Collected data:
■ ■ ■ ■ ■ ■ ■
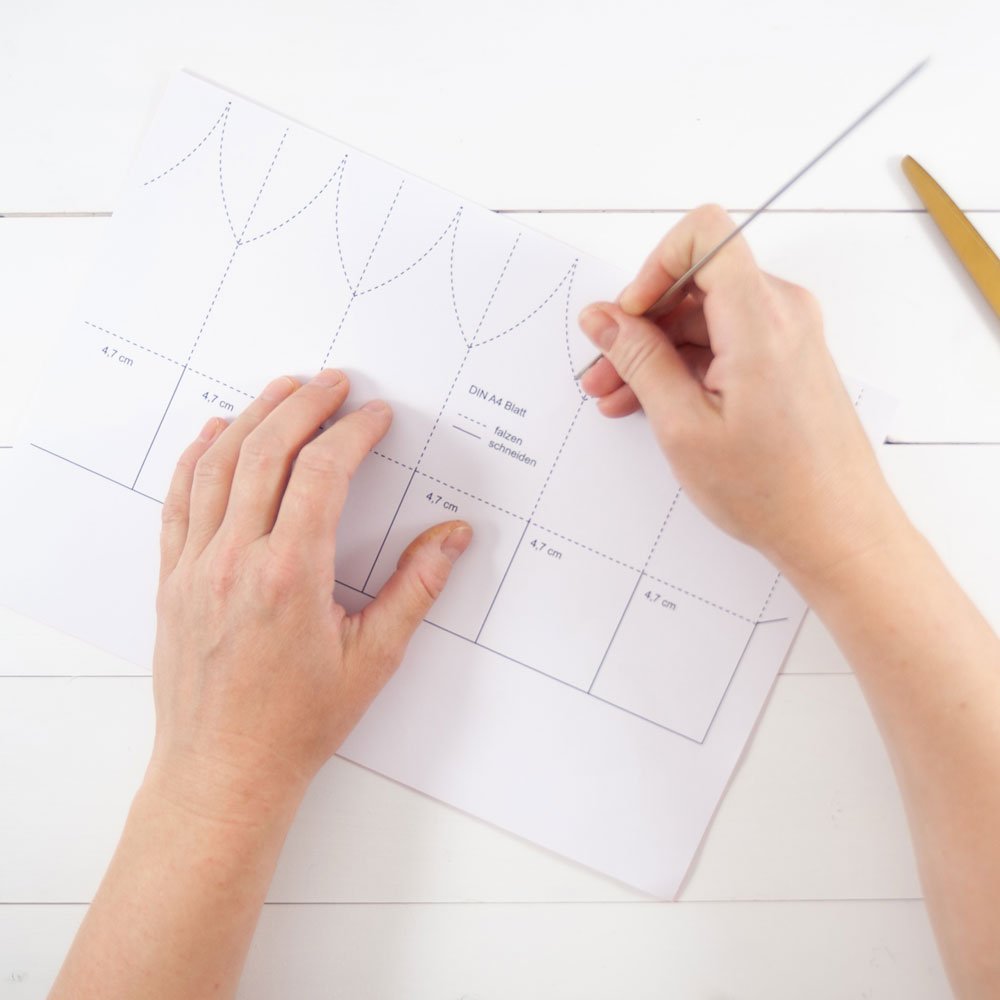 Zwei Hände übertragen Striche von einer Bastelvorlage auf Papier.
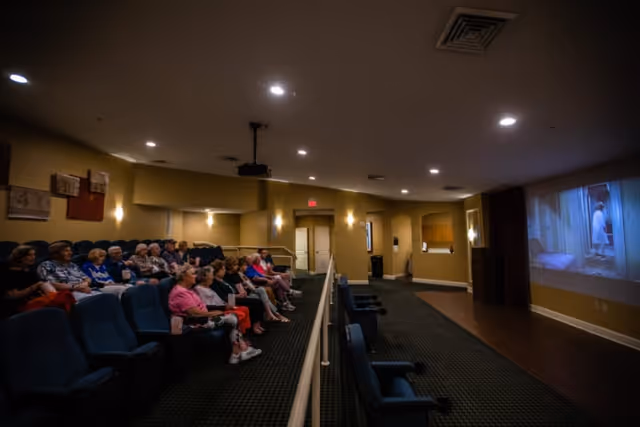 A group of elderly people seated in a small theater room watching a movie projected on a screen. The room has dim lighting, carpeted floors, and rows of comfortable theater seats.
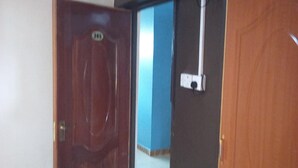 A room with a wooden door, a blue wall, and a tiled floor. - Stansted Annex Hotel (Meru)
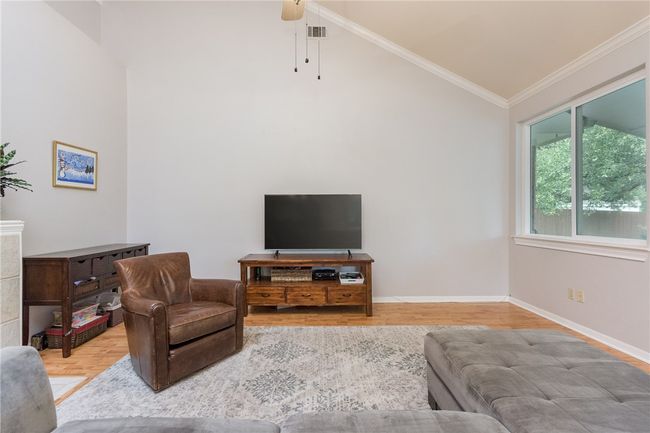 Living area with vaulted ceiling, wood finished floors, crown molding, and ceiling fan | Image 9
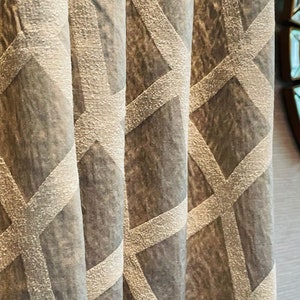 May include: Close-up of a gray curtain with a white geometric pattern. The pattern is made up of overlapping diamonds and lines.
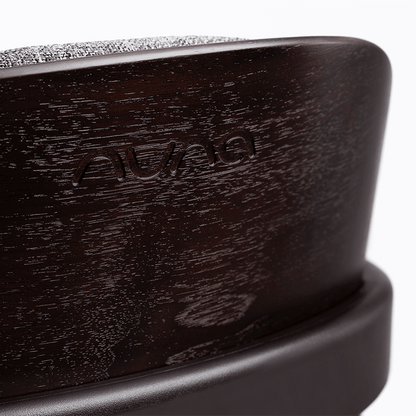 Dark wood-finish nuna bryn highchair metro with textured gray fabric top baby car seat base shown from back side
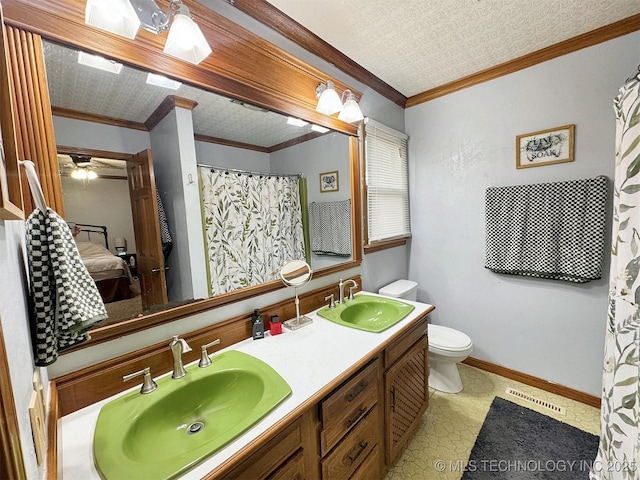full bath featuring crown molding, visible vents, and a sink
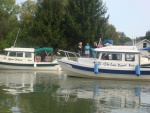 Last Dance and Knot Flying getting ready to settle in for the night at Spencerport New York Erie Canal 2009. The girls already pumping a local for info on the area.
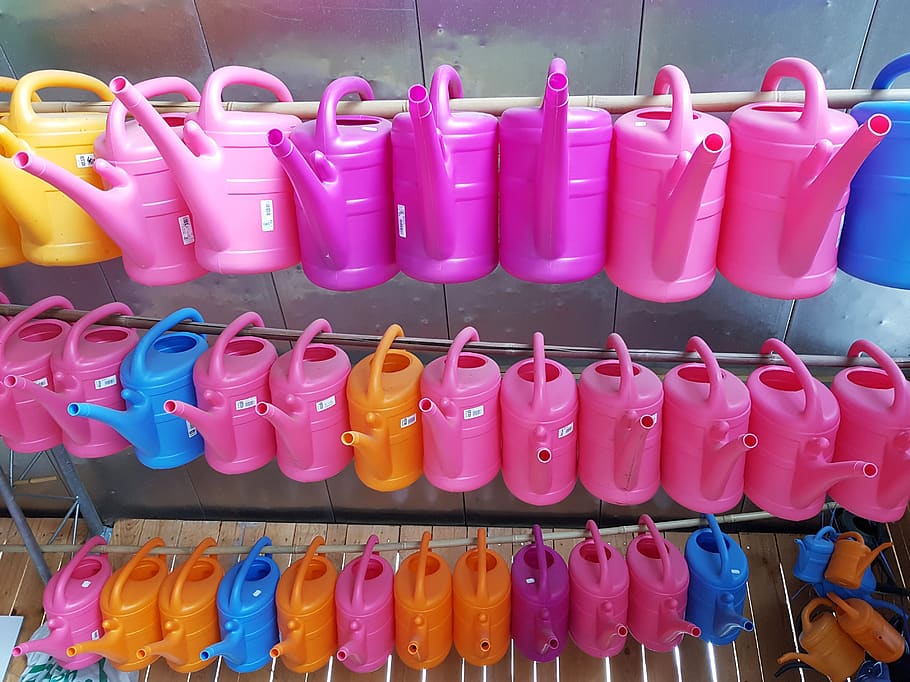 watering cans, sale, lined up, plastic, goods, colorful, yellow, pink, blue, orange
■ ■ ■ ■ ■ ■ ■
#### What you are asked to do:
Only an exact copy belongs in the answer: the lines from the one containing "Last Dance and" through the end of the records, both ends included, minus the pictures.

#### Reply to the task:
 Last Dance and Knot Flying getting ready to settle in for the night at Spencerport New York Erie Canal 2009. The girls already pumping a local for info on the area.
 watering cans, sale, lined up, plastic, goods, colorful, yellow, pink, blue, orange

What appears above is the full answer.